For De Niro, show business worked the same way: the system, despite its lip service, didn't really want the disturbing authenticity he brought to those Scorsese films. Or rather, it simply wanted him to keep repeating everyone's favourite poses and phrases again and again, as lucratively as possible.

On the other hand, De Niro's readiness to become a jobbing professional star evidently allows him to help independent filmmakers, as he does with the Tribeca Film Festival, a New York rival to Sundance. And many of his choices of film since the mid-1980s can be read as his way of using his fame and talent to give worthy projects a chance. Even in forgettable films such as The Score (2001) or City By The Sea (2002) he is quietly impressive.

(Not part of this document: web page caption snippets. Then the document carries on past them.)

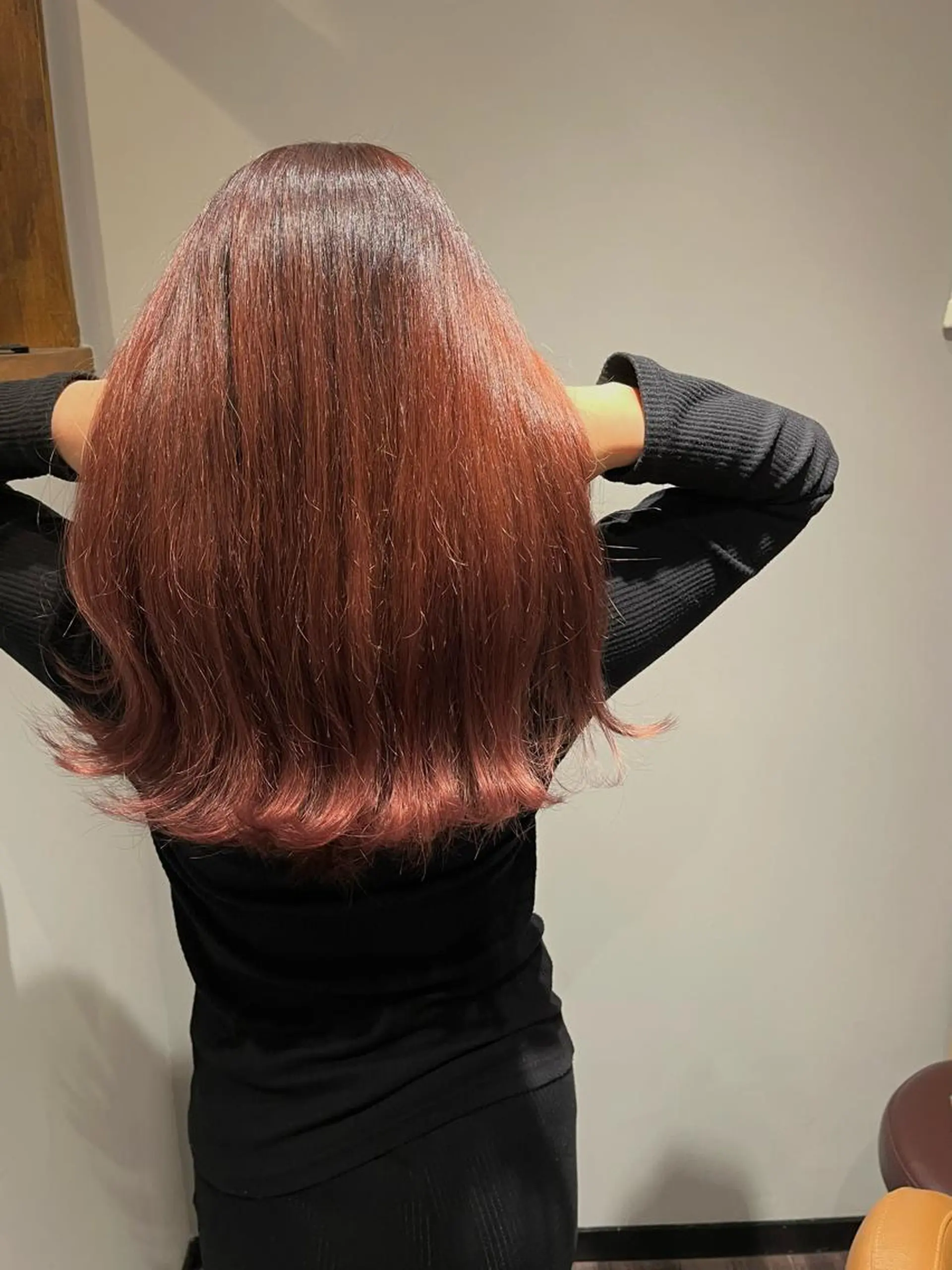 ロング ヘアカラー トリートメント Mavie 東奈々子のヘアスタイル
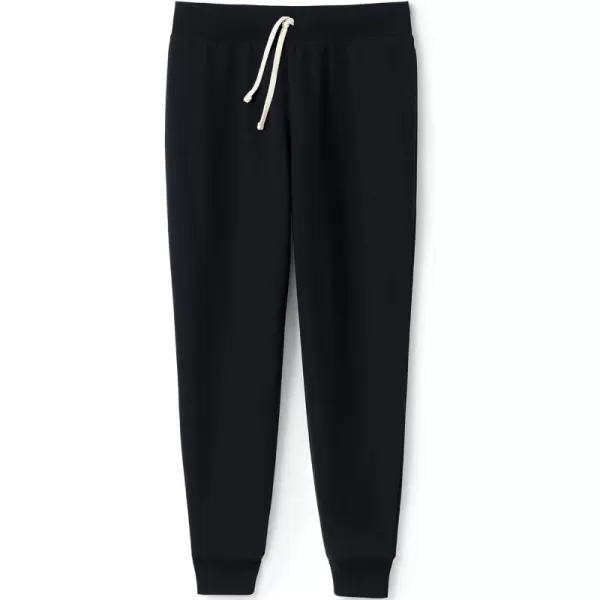 Lands End School Uniform Adult Jogger SweatpantsBlack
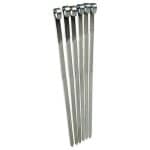 KEBAB SKEWERS FLAT 32CM 18-10 INOX 2MM GTSA - Image 2
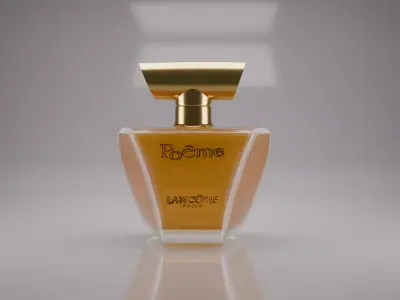 Luxury Perfume Bottle  Inspired by Poeme Lancome for Women 3D model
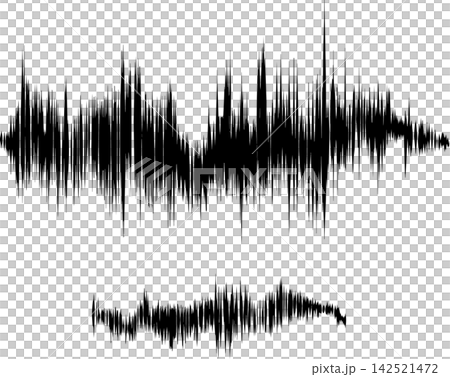 一幅粗略的手繪風格的聲波插圖。 一幅粗略的手繪風格的聲波插圖。 142521472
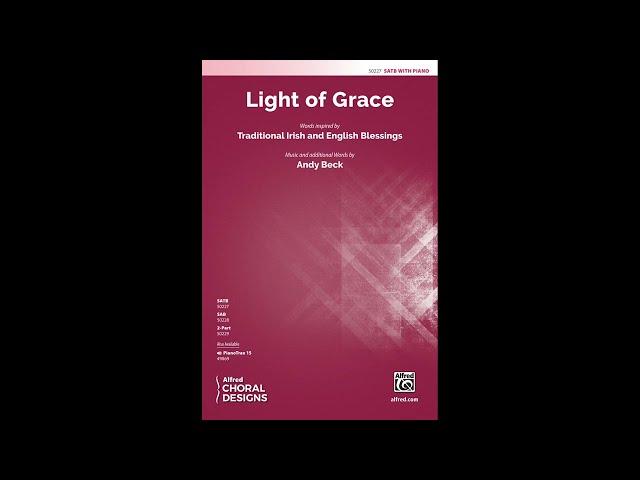 Light of Grace (SATB), by Andy Beck – Score & Sound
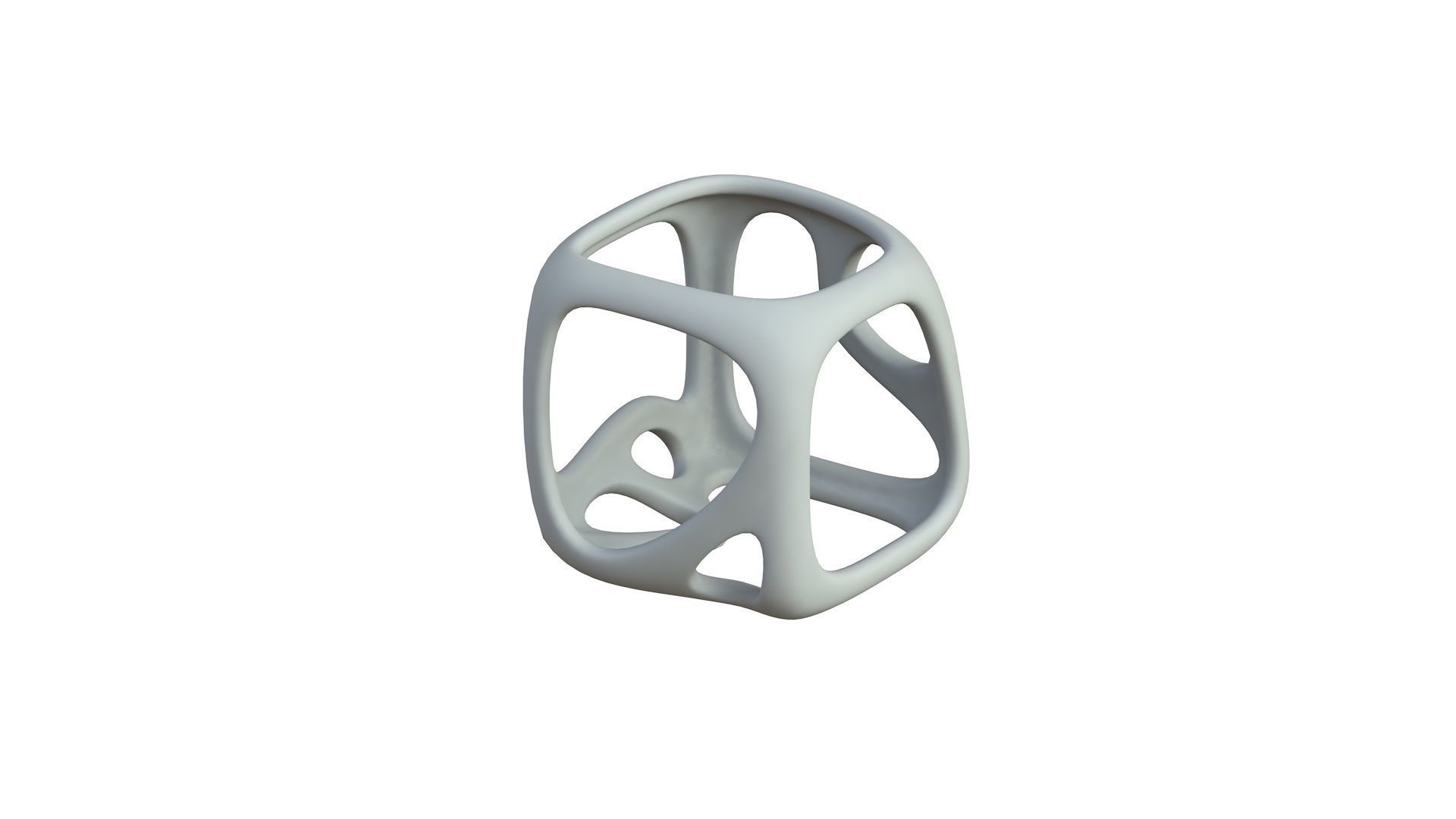 SciFi Cube Object No 16988 Low Poly Shape Texture_4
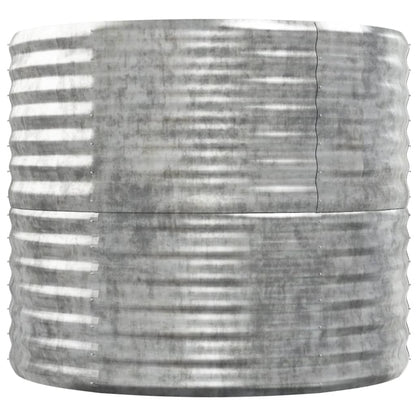 vidaXL Garden Raised Bed Galvanised Steel 152x80x68 cm Silver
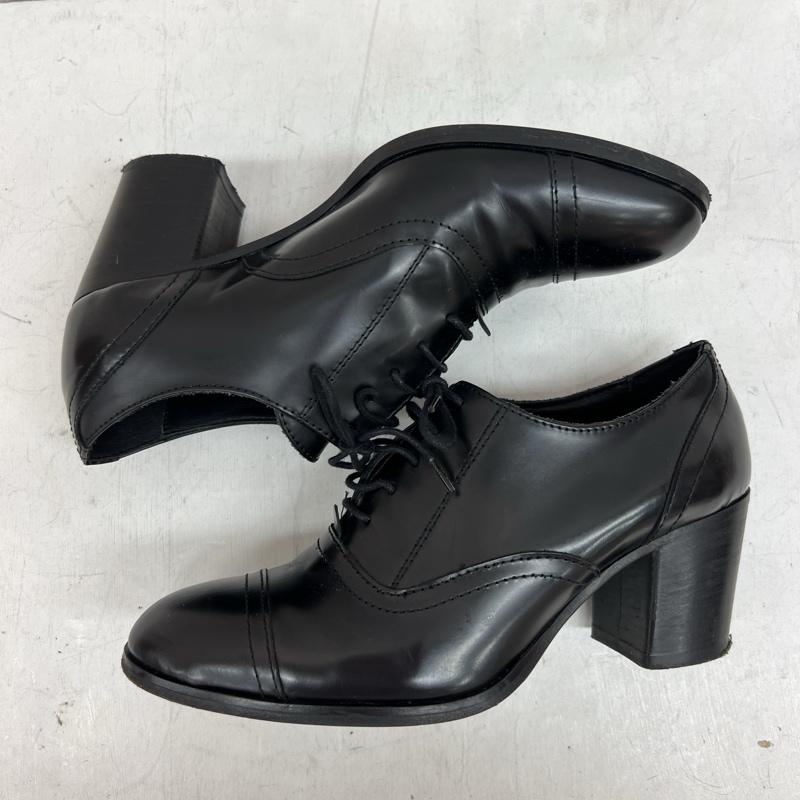 ファビオ ルスコーニ FABIO RUSCONI 革靴 革靴 イタリア製 レザーシューズ チャンキーヒール 23.0cm 黒 / ブラック / black レディース USED 古着 中古 50141390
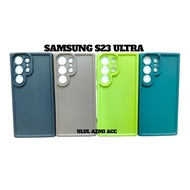 CASE MATTE ROSE SAMSUNG S23 ULTRA SOFTCASE CAMERA PROTECTOR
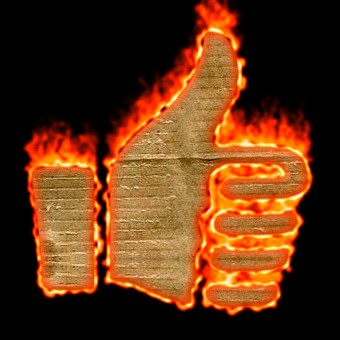 Burning Paper Logo Effect 9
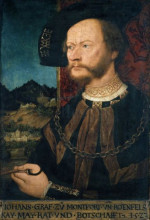 Картина "portrait of count johann ii, count of montfort and rothenfels" художника "штригель бернхард"
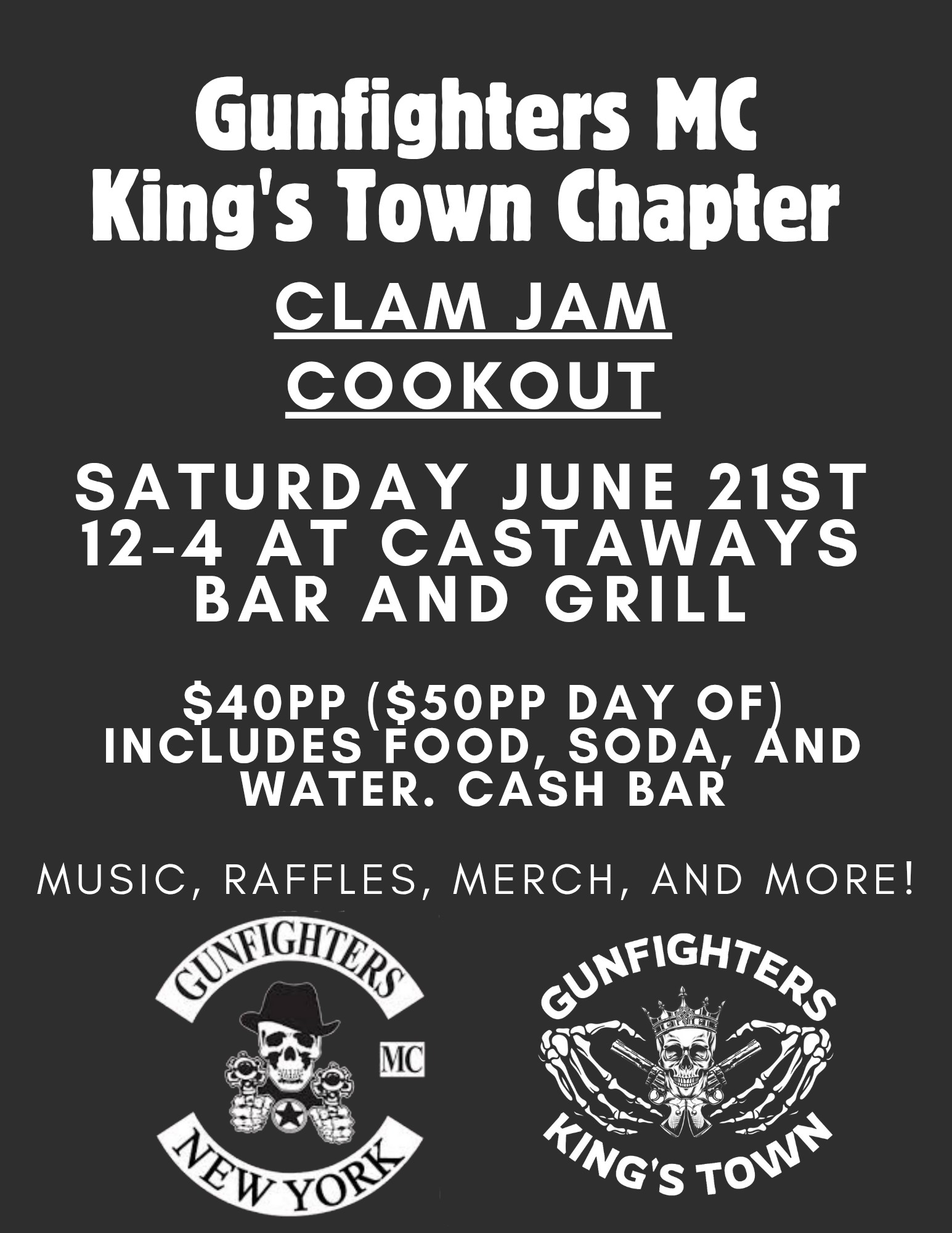 King's Town Gunfighters Annual Clam Jam Weekend
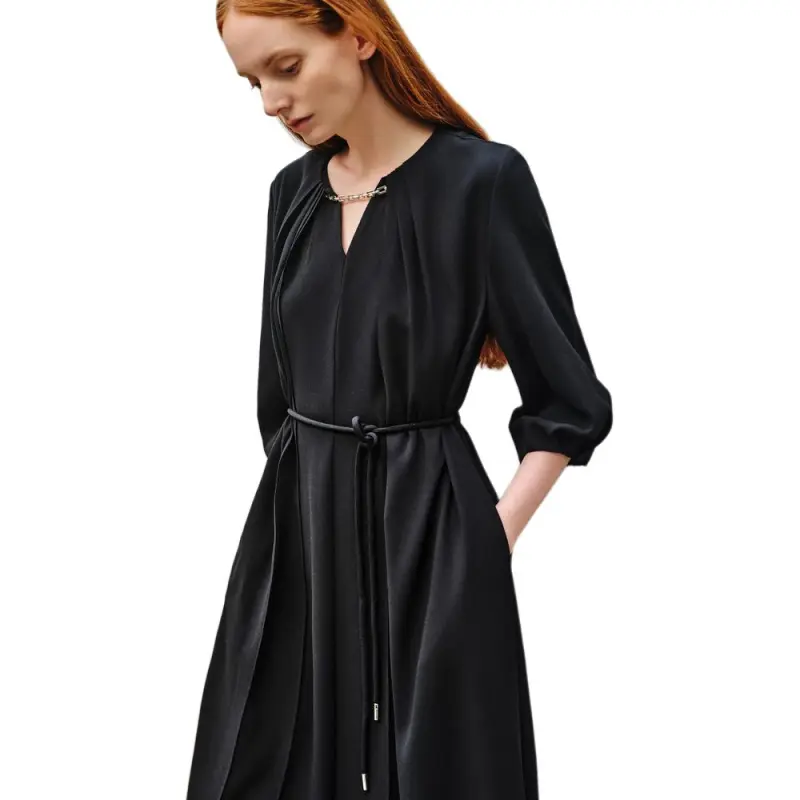INSUN Short Sleeved Dress Women's-4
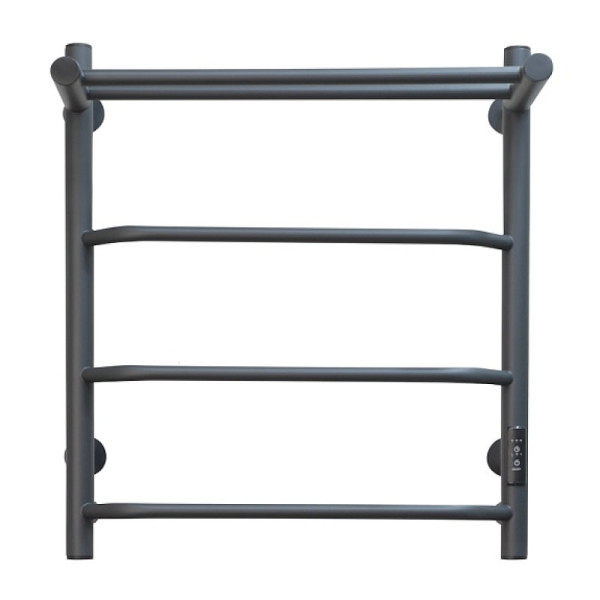 Полотенцесушитель электрический с полочкой (лесенка) Тругор Пэк сп 6 П 60х50 см, графит. Фото 3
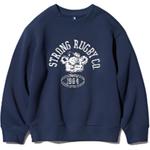 UNIQLO Детский свитшот темно-синий - фото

It's arguable that we have no right to demand of him the kind of fanatical, health-endangering devotion to the Method that saw him put on almost 30 kilograms in four months to fatten up for the bloated La Motta. De Niro and Scorsese talked of Raging Bull as a no-holds-barred excavation of their own troubled psyches.

It was thrilling, they survived it - and we need to look for other virtues in their subsequent work. It is surely ungrateful to quibble about The King Of Comedy, one of the most insidiously daring films of the 1980s, or Goodfellas (1987), an acknowledged masterpiece.

Even the move to comedy isn't exactly a betrayal. After all, if one goes back to De Niro's earliest years in film - in Brian De Palma's hippyish, edgy political satires such as Greetings (1968) and Hi, Mom! (1970) - he shows a gift for deadpan comedy.

But let's hope his leading role as the producer-hero in Barry Levinson's forthcoming comedy What Just Happened?, due for release in the United States in October, is a genuine return to form in a demanding part in a substantial film.

After that, he's working again with Michael Mann on the hitman thriller Frankie Machine, and plans to reunite with Scorsese at least one more time. It seems the Taxi Driver is not yet ready to collect his bus pass.

Telegraph, London
FIVE TOP DE NIRO MOMENTS
Taxi Driver (1976) "You talkin' to me? Well, I'm the only one here." The improvised mirror scene in which Travis Bickle reveals the depths of his alienation.

Raging Bull (1980) Any of the excruciating junctures when literal-minded, jealous Jake gets snagged on some word like "good-looking". It means trouble - a middleweight beating - for his wife, Vicky, and brother Joey.

Goodfellas (1990) We track in on De Niro's terrifying Jimmy Conway at the bar as he looks down at his drink, up at a pesky fellow robber, down again, up again … with a tiny, evil smirk that means murder.

Cape Fear (1991) Nick Nolte's teenage daughter gets a phone call from her "drama teacher": dissolve to sweet-talking, sinister Max hanging upside down in a doorway. Magnificently bonkers.

Heat (1995) The electrifying late scene in the car when, otherwise home free with his girl, De Niro's master criminal decides on one more vengeful killing: "I gotta take care of something."